The affordable housing was a draw for young people (often twentysomething developers) starting out, who in turn fixed up vacant housing, and started a 15-year period when the city once again had innovative restaurants and retail outlets that emphasized the peculiar, but wonderful, idiosyncrasies of Baltimore. “A city of neighborhoods” was one of the slogans brandished by Schaefer p.r. department, and despite the corniness it wasn’t inaccurate.

After selling my City Paper in 1987 (started in ’77) I moved to New York to start another weekly, New York Press, which I sold in 2002. Lower Manhattan was still in a shambles after 9/11, and my wife and I decided to move to Baltimore in 2023. We bought a house, our sons liked the city, but it was clear to me, unlike Douthat, that the “halcyon days” were finished.

The accompanying picture is of a barmaid, Betty, at the Rendezvous Lounge on 25th St, just one of so many bars in Baltimore (probably wrong, but back then I thought the city had almost as many such establishments per capita as all U.S. cities, excluding Milwaukee). Jennifer Bishop (who took the photo) and I went to see Betty and her crew every morning at seven a.m. to see night-shift workers off the clock and, I guess, a few standard drunks. I nursed a bottom-shelf tequila and orange juice cocktail (Jen stuck to tomato juice) to blend in, and then wrote a story about it for City Paper.

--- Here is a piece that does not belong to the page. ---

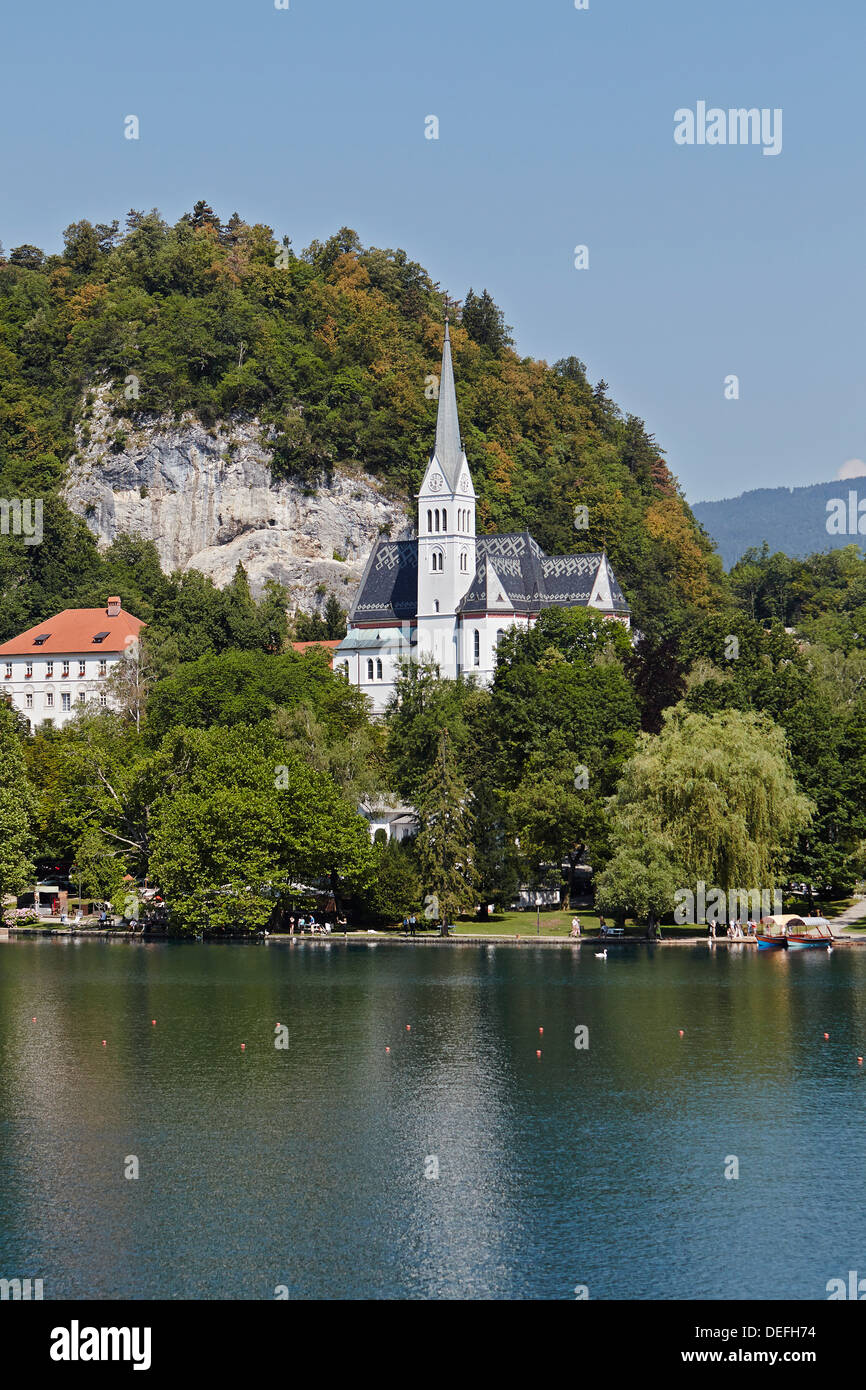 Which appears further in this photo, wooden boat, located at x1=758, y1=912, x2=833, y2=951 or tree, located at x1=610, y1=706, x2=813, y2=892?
tree, located at x1=610, y1=706, x2=813, y2=892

Take a look at the clues to figure out the year: Twelve people killed in bombing at Belfast’s Le Mon restaurant; Freddie Laker is knighted; German terrorist Astrid Proll arrested in London; Laurence Fox is born and Sandy Denny dies; Atlanta Braves finish in last place in N.L. West at 69-93; Goose Gossage is Rolaid Relief Man of the Year; Bob Forsch throws a no-hitter for the Cardinals; The Buddy Holly Story is released; The Coachmen are formed; Chic’s “Le Freak” is a hit; Edward Said’s Orientalism is published; and Donald Coburn wins the Drama Pulitzer Prize.